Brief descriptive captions
>>>

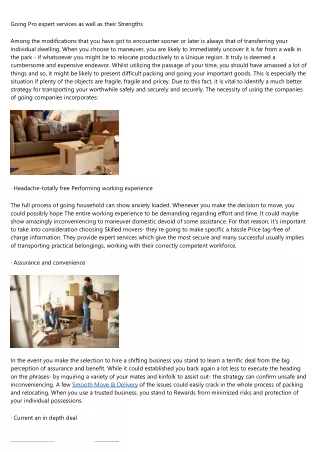 going pro expert services as well as their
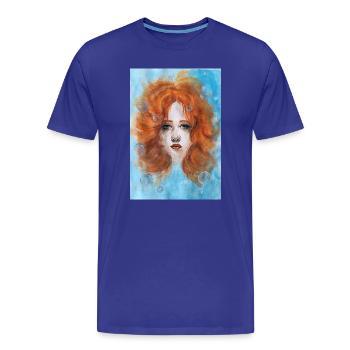 Femme Rousse Portrait Sirène Avec Bulles - T-shirt bio Premium Homme - bleu roi - Devant - Damien (186cm)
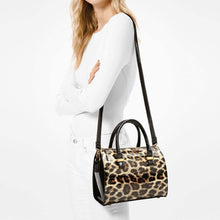Load image into Gallery viewer, Shiny Leopard Patent Barrel Top Shoulder Bag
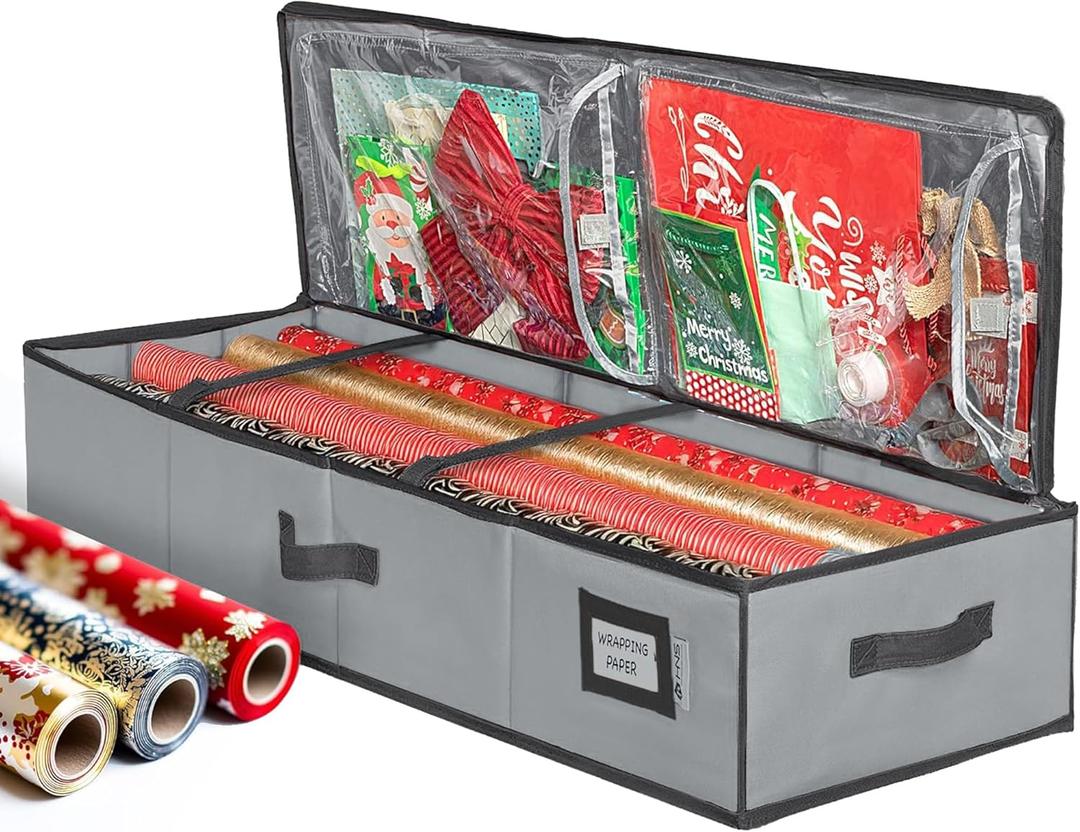 HOLDN STORAGE Premium Wrapping Paper Storage Container - Durable 600D Tear-Proof, Fits 27 Rolls Gift Wrap, Extra Pockets for Ribbons & Bows, Underbed Storage - Ideal for Holiday Christmas, Gray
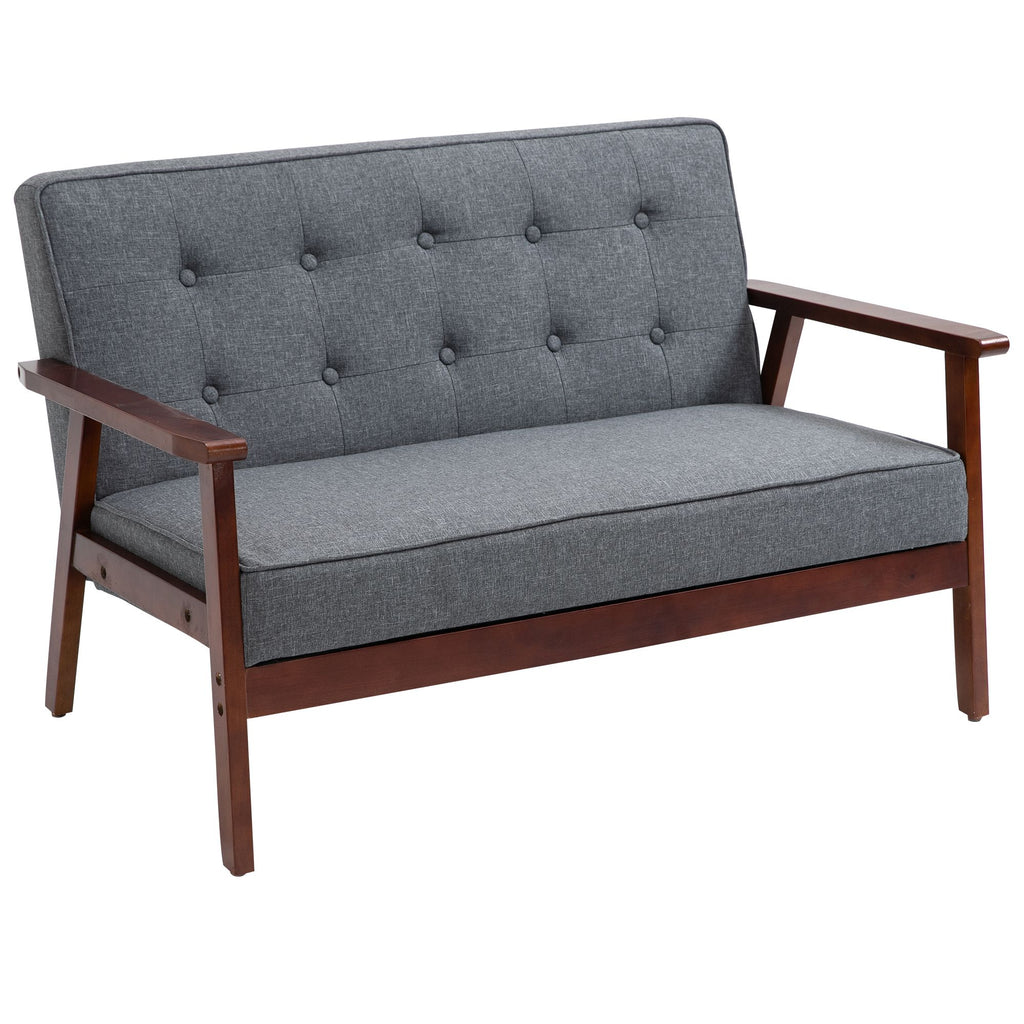 2-Seat Loveseat Sofa Linen-Touch Fabric Tufted Couch Rubberwood Legs Grey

<<<

### About this exercise
With the images excluded, reproduce the data above precisely as written.

### Answer for the task
 going pro expert services as well as their
 Femme Rousse Portrait Sirène Avec Bulles - T-shirt bio Premium Homme - bleu roi - Devant - Damien (186cm)
Load image into Gallery viewer, Shiny Leopard Patent Barrel Top Shoulder Bag
 HOLDN STORAGE Premium Wrapping Paper Storage Container - Durable 600D Tear-Proof, Fits 27 Rolls Gift Wrap, Extra Pockets for Ribbons & Bows, Underbed Storage - Ideal for Holiday Christmas, Gray
 2-Seat Loveseat Sofa Linen-Touch Fabric Tufted Couch Rubberwood Legs Grey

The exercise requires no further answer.